店舗改装や新規仕入れ、運転資金の不足といった差し迫った課題を抱え、できるだけ審査のハードルが低い融資先を探している方も少なくありません。

しかし、「借りやすさ」だけを拠り所に資金調達を決めてしまうと、金利の負担や返済期間などが事業にとって不利に働いてしまうこともあり得ます。記事を読んで、借りやすさとその他の選択肢を天秤にかけ、事業にとって最適な選択をすることをおすすめします。

この記事では、まず「借りやすい」とされる日本政策金融公庫や信用保証協会付き制度融資、ビジネスローンなど各手段をランキングにしてご紹介します。融資スピードや金利水準などを整理し、さらに、事業資金を借りやすくするためのポイントについても解説します。
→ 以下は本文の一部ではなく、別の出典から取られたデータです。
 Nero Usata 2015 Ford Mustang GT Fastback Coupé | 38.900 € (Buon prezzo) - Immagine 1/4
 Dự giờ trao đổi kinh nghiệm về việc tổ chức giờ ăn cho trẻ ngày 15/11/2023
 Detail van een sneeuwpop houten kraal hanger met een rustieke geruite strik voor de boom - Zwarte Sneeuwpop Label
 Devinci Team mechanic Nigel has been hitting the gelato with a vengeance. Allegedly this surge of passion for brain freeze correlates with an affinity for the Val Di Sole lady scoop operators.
記事を読み終える頃には、あなたが借入先ごとの難易度を見極め、事業のフェーズに適した選択ができるようになっていることを目指します。

重要な事業資金を確実に集めるための第一歩として、ぜひご一読ください。


1.事業資金が借りやすい金融機関TOP5

資金調達において、「どこで借りるか」は成功の第一歩です。しかし融資先には、審査の厳しさや融資スピード、金利の違いなど、様々な特徴があります。

この章では、実際に審査に通りやすい、すなわち「借りやすい」とされる代表的な金融機関を 5つ厳選し、それぞれの特性を比較解説します。あなたの事業フェーズや資金用途に合った借入先を見つける参考にしてください。
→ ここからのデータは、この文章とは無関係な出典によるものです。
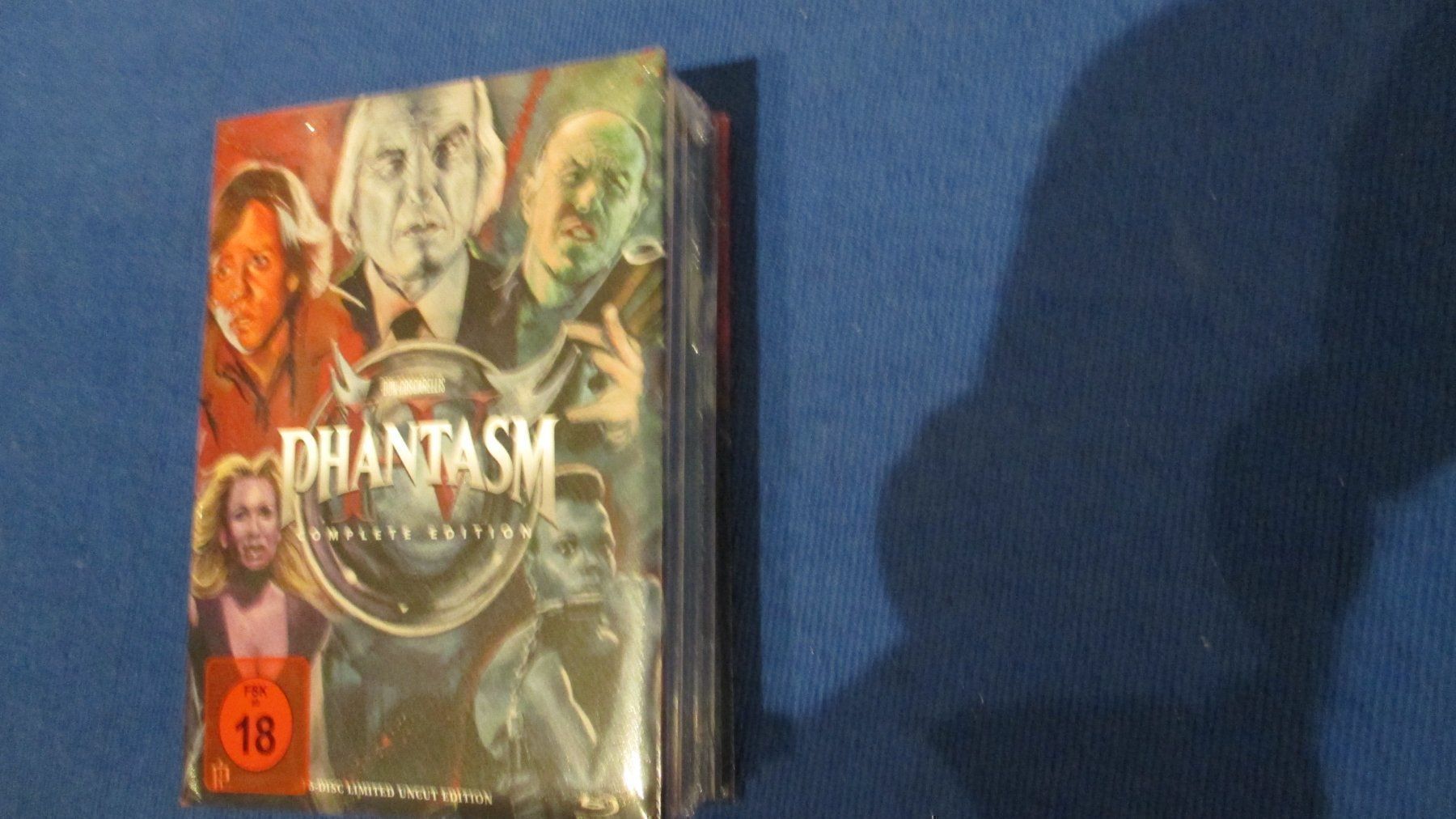 Tutti i DVDs: PHANTASM Compl. BOX/ b-ray u.DVD/ RAR/ Watt.MEGA RAR – Nuovo e nell'imballaggio originale da Wattenwil venduto da Firebird1 6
融資先借りやすさ(審査の通りやすさ)金利の目安融資スピード担保・保証人
ノンバンク(例: AGビジネスサポート、セゾンファンデックス)審査が柔軟で通りやすい。高め最短で即日不要~原則不要
日本政策金融公庫創業や小規模事業者向けで、実績が少なくても審査が通りやすい。
事業計画、自己資金の出所などの審査は厳格。
低め2週間~ 1ヶ月程度担保は原則不要、保証人は創業時は原則不要
信用金庫・信用組合大手銀行より審査が柔軟で通りやすい低~中程度2週間~ 1ヶ月程度必要な場合あり
地方銀行中小企業向けだが、審査はやや厳しめ。低~中程度2週間~ 1ヶ月程度必要な場合あり
大手銀行資金力はあるが審査が厳しい。
実績や信用力が重視される。
低め1ヶ月~ 2ヶ月程度必要な場合あり

1-1.ノンバンク:スピード重視で借りるならここ

とにかく早く、かつ、柔軟に事業資金を確保したいなら、ノンバンク系ビジネスローンが最も借りやすい選択肢です。
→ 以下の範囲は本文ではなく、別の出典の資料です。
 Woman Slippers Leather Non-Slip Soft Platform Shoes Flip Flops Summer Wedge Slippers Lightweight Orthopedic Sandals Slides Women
ノンバンクとは、銀行以外の貸金業者(例:セゾンファンデックス、アイフルビジネスファイナンスなど)で、オンライン完結型の申込が多く、書類も最小限で済むため、最短即日融資が可能です。また、信用情報や過去の実績よりも「今の返済能力」に重きを置くため、銀行での審査の否決歴があっても通ることがあります

例えば、赤字決算が続く事業者でも、月商と売上見込みに応じて 100万円〜 300万円の融資が出るケースもあります。担保や保証人が不要の商品も多く、急な仕入れや販促資金などに対応できます。

金利は高めで、年率 5.0〜 18.0 %程度が一般的ですが、「とにかくすぐに必要」な場面では、ノンバンクは非常に有力な選択肢です。

    •    金利の目安:年 5.0〜 18.0 %程度(商品の種類により差あり)

    •    融資スピード:即日〜 3営業日

    •    担保・保証人:原則不要(商品による)

1-2.日本政策金融公庫:創業したばかりの事業や小規模事業者の強い味方

創業間もない方や自己資金が少ない方でも借りやすいのが、日本政策金融公庫の融資制度です。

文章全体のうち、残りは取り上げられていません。